How to Choose and Wear Hiking Gaiters?
Nothing can compare to that sickening feeling you get when there is something in your shoes. It doesn’t matter where you are or what you are doing. You could be in your backyard or hiking in the white mountains. When there is something inside your shoes between your feet and the souls, it’s a crushing feeling. Luckily, there is a remedy to this exasperating feeling. Here in this blog were going to discuss the great invention known as gaiters. You must be wondering what are gaiters and ho to wear them. Well, we are going to tell you the ins and outs of how to choose and use hiking gaiters. If that sounds like something you would like to know about, then read on!
Like many things in life, there are always options. And like options, the styles can come and go. Here we’re going to talk about the different types of gaiters that people can choose from. We have some tips on picking and choosing, and Wheel discussions about some of the pros and cons of the different types of styles that you can use. Along with the styles, we will talk about what are gaiters used for, and what brands you can use on whatever adventures may come your way. Whether you are scrambling on a trail or trekking a mountain, we will find a use for you.
Table of Contents
What’s Your Length Style?
The first thing you want to decide is going to be your length style. From long to short, there are many to choose from. Fundamentally though, they all perform the same function as the other. The primary key here is that they keep stuff out of your shoes. But for every job, there is a tool made just for the occasion. In this case, we mean the variety of styles to choose from. Believe it or not, there is a difference depending on what you are doing. If you are on a mountaineering expedition, taking a long-distance hike, running a trail, there is a style made just for that.
If you are more the expedition type, then these are for you! First, consider the full length. These styles will cover the majority of the lower half of your leg. This will help to ensure that snow or ice stays out of your winter hiking boots. You can also quickly secure your trekking pants from underneath them.
No matter how far or how high you climb, or no matter how deep the snow you may trek through gets, one thing’s for sure. Your feet are going to be dry and warm. With the sturdy materials that the Gaiters are made from their not only waterproof but they provide and an extra layer of insulation on critical points of the body to help keep you moving.
Our next selection is for the avid hiker. This is a style that much resembles the ones we just spoke about, but they are not the same. The ones we’re talking about are typically shorter than the ones made for extreme weather climbing. Resting from your ankles to your calves, they only cover the second half of your leg. Another thing to note when you choose hiking gaiters is that they are most often made out of a much thinner material and are much more “stiff” to the touch. On a positive note, they are usually less expensive as well.
The Type of Terrain
Something to consider when picking these is the types of terrain you will be encountering. If you plan to trek in anything deeper than your knees, then you may want to consider a different style. On the other hand, though, it is essential to differentiate between deciding to hike in a smaller model or a larger one because let’s face it, style matters!
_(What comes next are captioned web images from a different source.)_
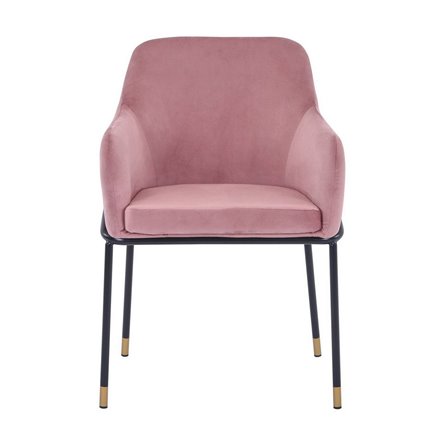 Сандра велюр пыльно-розовый ножки металл черные с золотым декором
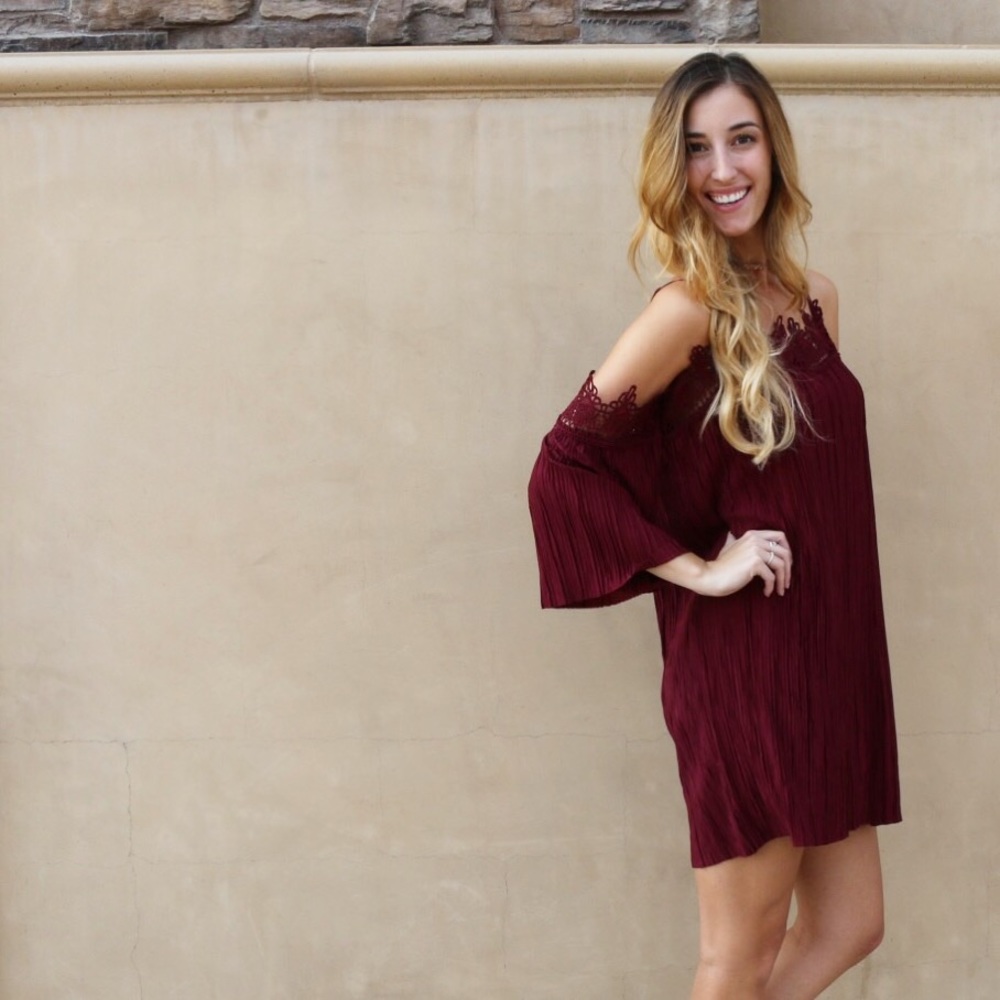 burgundy pleated dress - Picture 4 of 5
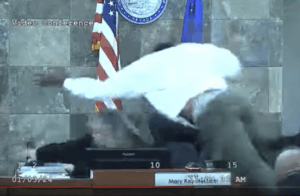 Dude Who Supermanned Over a Judge’s Bench to Attack Her Is In Huge Trouble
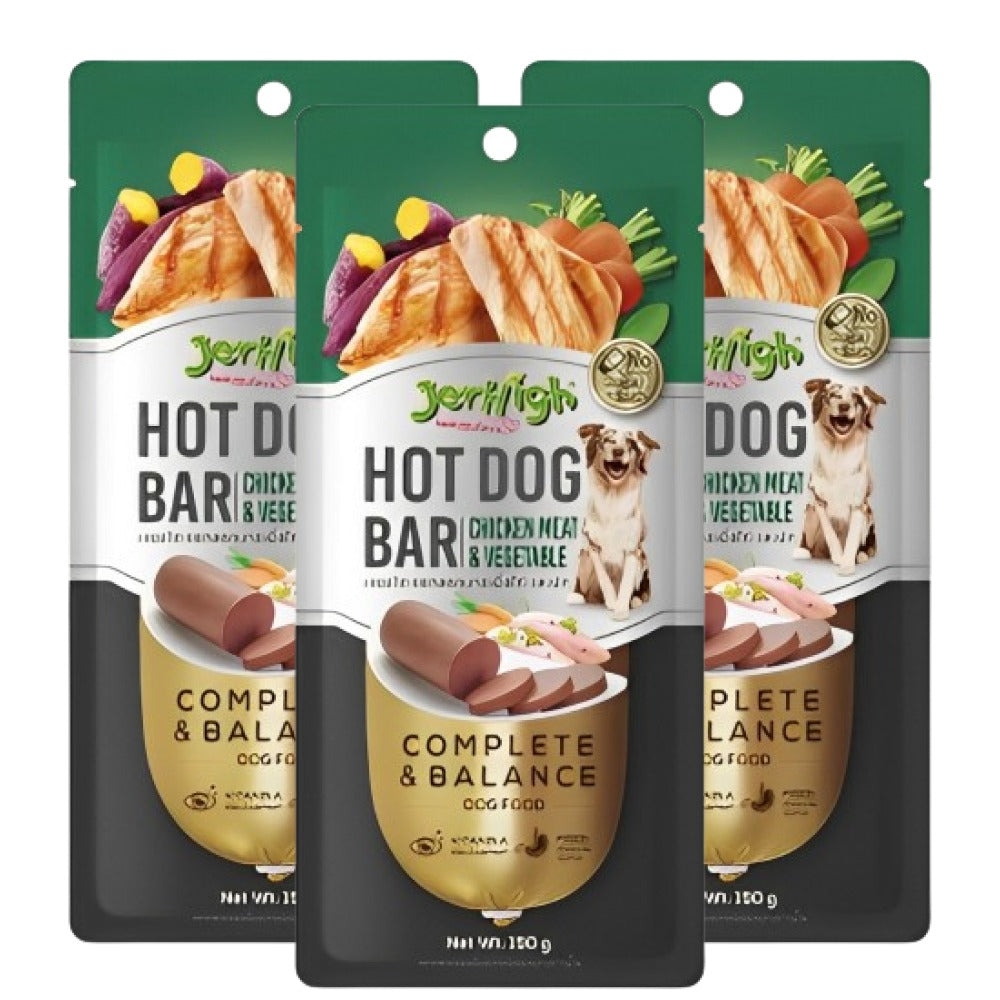 JerHigh Chicken & Vegetable Hot Dog Bar Dog Treats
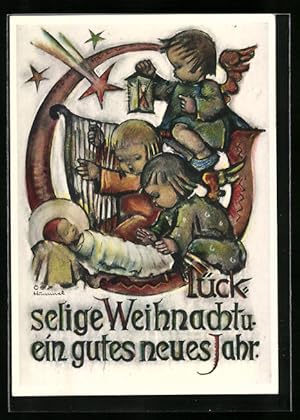 Imagen del vendedor de Knstler-Ansichtskarte Hummel: Glckselige Weihnacht - Engelchen mit Harfe beim Christuskind an der Krippe a la venta por Bartko-Reher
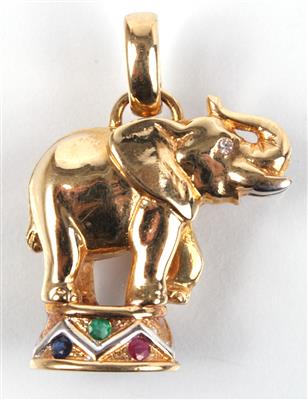 Diamantanhänger "Elefant" - Kunst, Antiquitäten und Schmuck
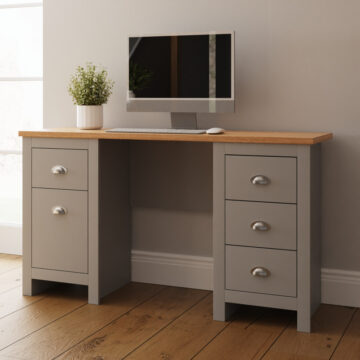 Fife Grey 4 Drawer 1 Door Desk | Oak Finish Top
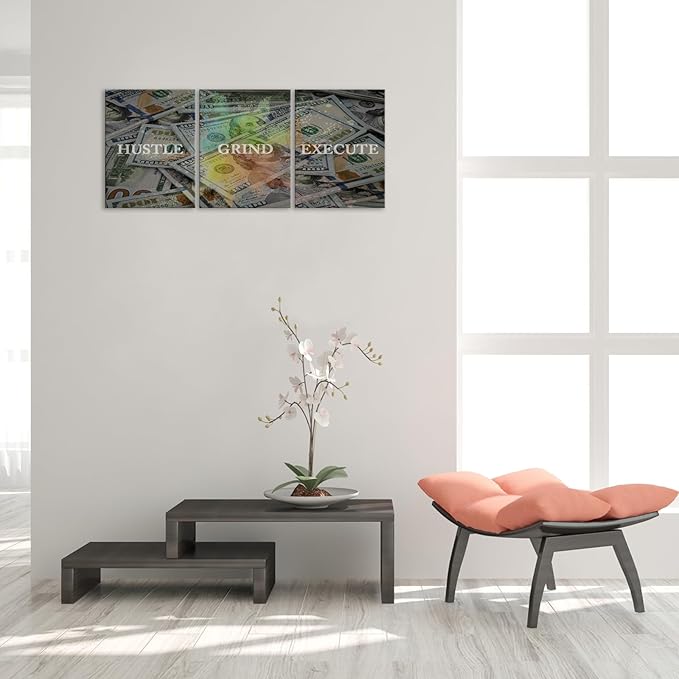 KAWAHONE Motivational Canvas Wall Art Hustle Grind Execute Wall Art Inspirational Posters Entrepreneur Quotes Prints Wall Decor Inspiring Success Decor For Office Bedroom Living Room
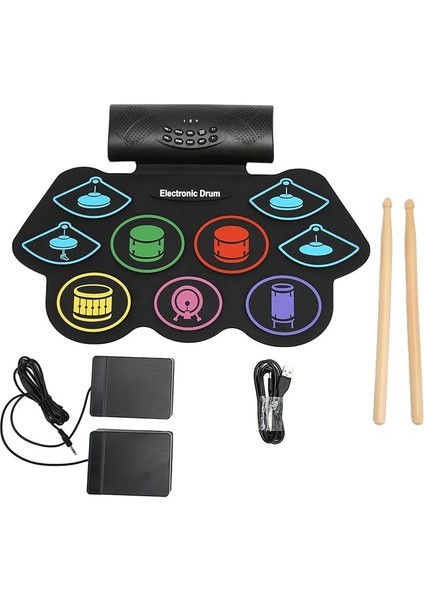 Electronic Drum, 9 Pads Renkli Davul Uygulama Pedi Harici Ses ve Bt Desteği ile Set, Taşınabilir Dijital Davul Kiti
Especially when it pertains to the amount of comfort you get out of your investment. Since some of the hiking gaiters reach past your ankles rather than those of the ones that reach past your knees, the quality of protection is dependent on the environment your trekking in. So, when the time to choose trekking gaiters, make sure you consider the environment.
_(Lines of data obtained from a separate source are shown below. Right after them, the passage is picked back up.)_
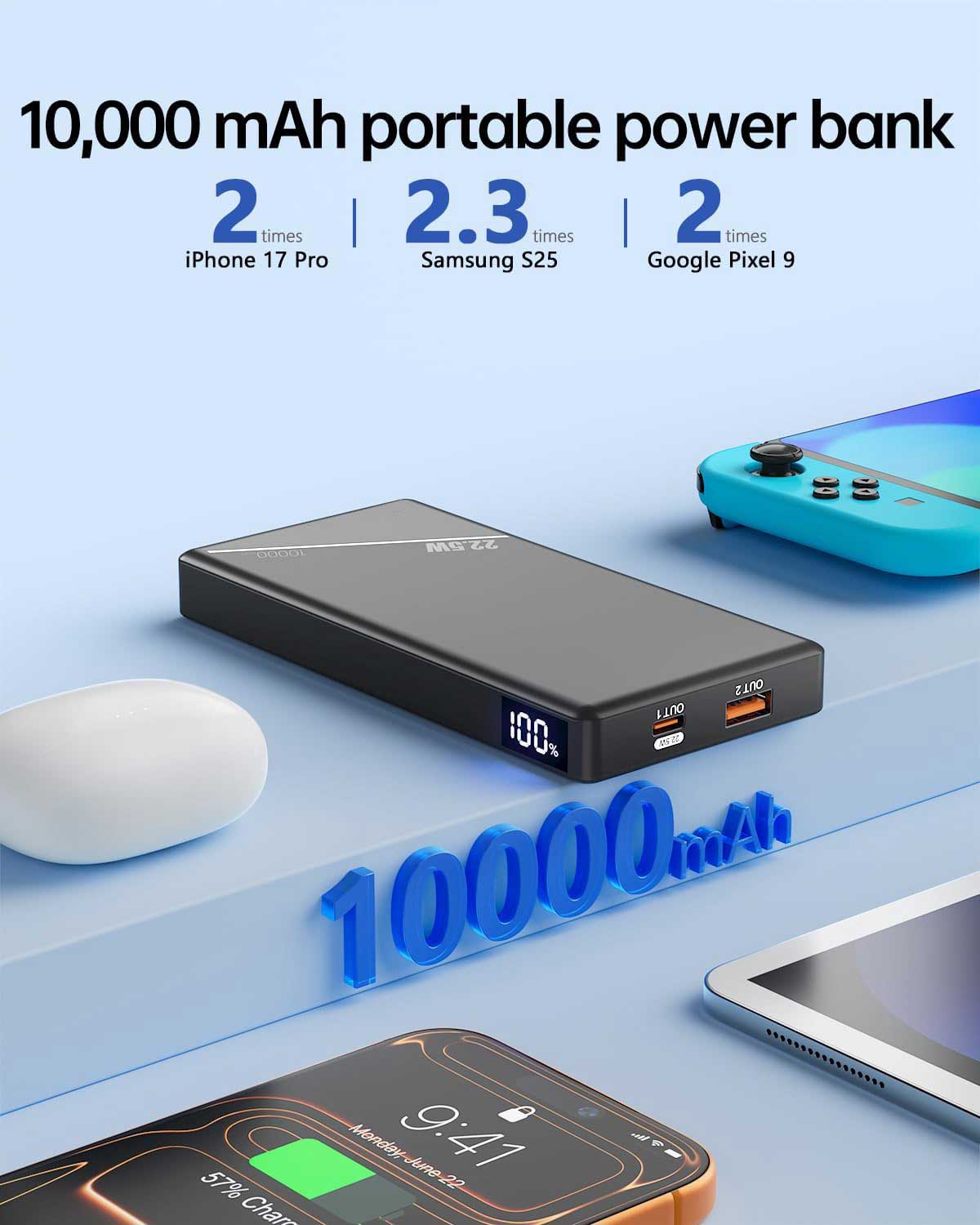 2 Pack 10000mAh Power Bank  22.5W PD Fast Charge  Backup Battery Portable Charger LED Display  1-Port USB  - ONXW241 2597-4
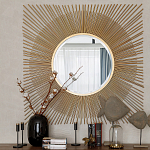 Зеркало-солнце круглое с золотыми лучам Sunrise варинант исполнения - 2 | Loft Concept в Красноярске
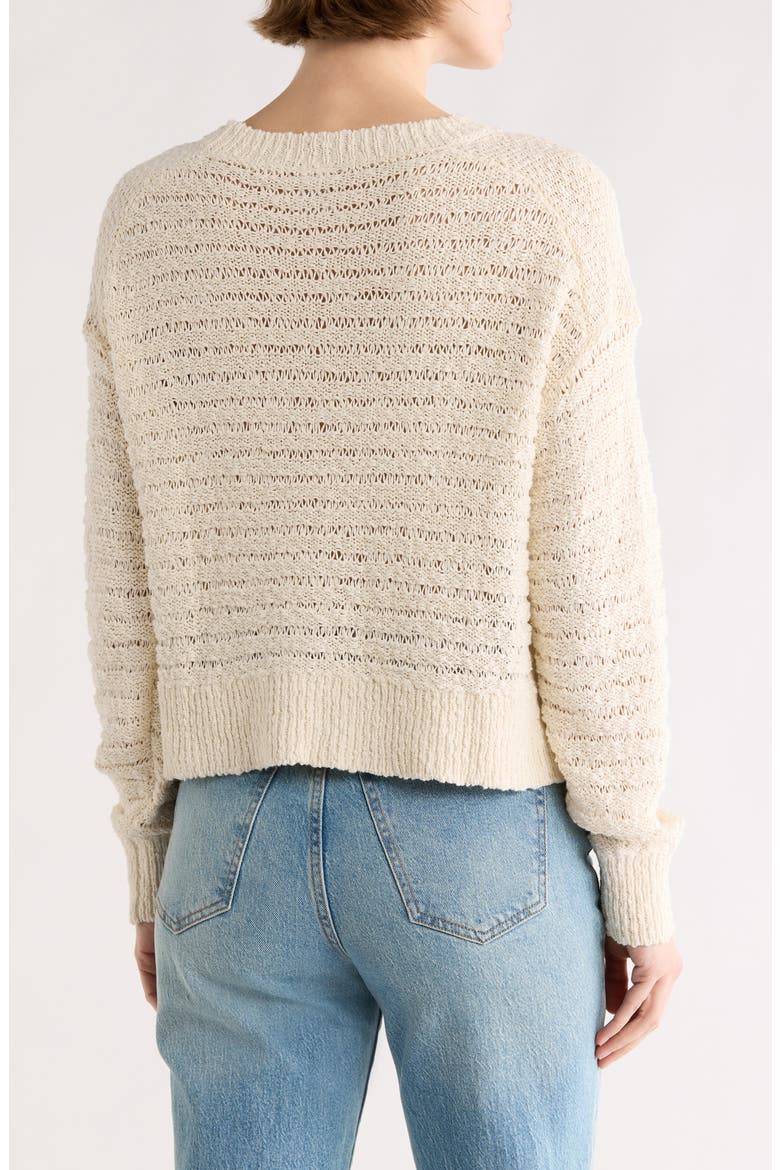 Open Stitch Cotton Sweater, Alternate, color, IVORY DOVE
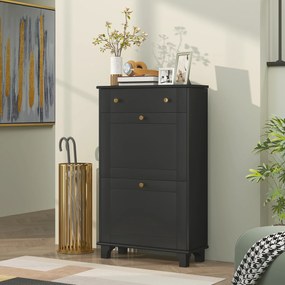 HOMCOM Dulap pentru pantofi îngust cu sertare cu uși basculante și raft reglabil, 60 x 23,5 x 98,5 cm, negru | Aosom Romania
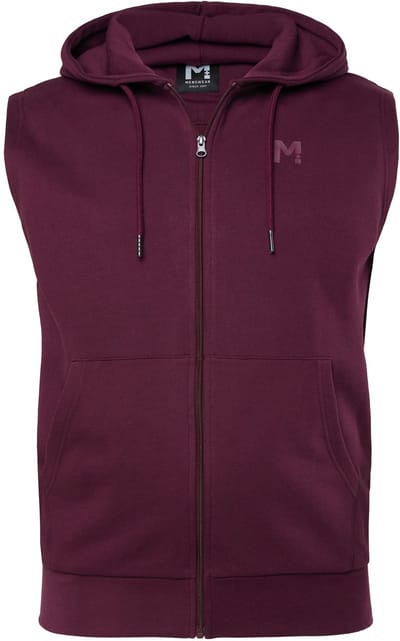 Men Plus - Heren - Men+ sweatvest capuchon kangoeroezak tot 8XL - Pruim - Maat XL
Another style to differentiate from would be an even shorter version of the ones we just spoke about. Most recognized by the sharp, low cut they provide, they typically don’t reach past your ankles. These styles are usually a much lighter and more flexible material allowing more stretchability. While they aren’t entirely waterproof, they are slightly water-resistant.
The primary function of this style is to keep debris out of your shoes as you make your way down the trails. Specifically designed to attach to your hiking boots with straps and laces or hooks, they do what they are intended to do. There are even some shoe brands that create their footwear to be compatible with these types of Gaiters. If you have the money and the time, then maybe it’s something that you can invest some time into learning about.
What’s the Best Thing About Trekking Gaiters?
One of the last things we would like to touch on is the pros and cons of the Gaiters. We’ve listed below a few bullet points defining the pros and cons of the use.
- They offer an additional layer of comfort and protection from debris and external moisture, such as water and snow.
- They offer extra protection from harmful vegetation that may want to poke or prod you as you trek along.
- They dry out rather quickly, ensuring you keep and retain heat.
- While they are well insulated, they keep out just as much moisture as they keep in. While some styles may have been designed for ventilation, there is a good chance that you are going to end up with moisture build-up within your hiking shoes and lower legs.
- Nobody likes to strap on their shoes or boots. Let’s face it; it can be tasking. Unfortunately, these can be the same. Taking them off and putting them on can be a hassle. That is why it is important to know how to put on gaiters.
So there you have it. And if you didn’t know how to wear gaiters or what are gaiters for, know you do. Once you know what type of activities you are going to encounter, you can take it from there. Take into account your terrain and environmental conditions, which is going to narrow down your selection options quite a bit. Once you have done that, it is smooth sailing!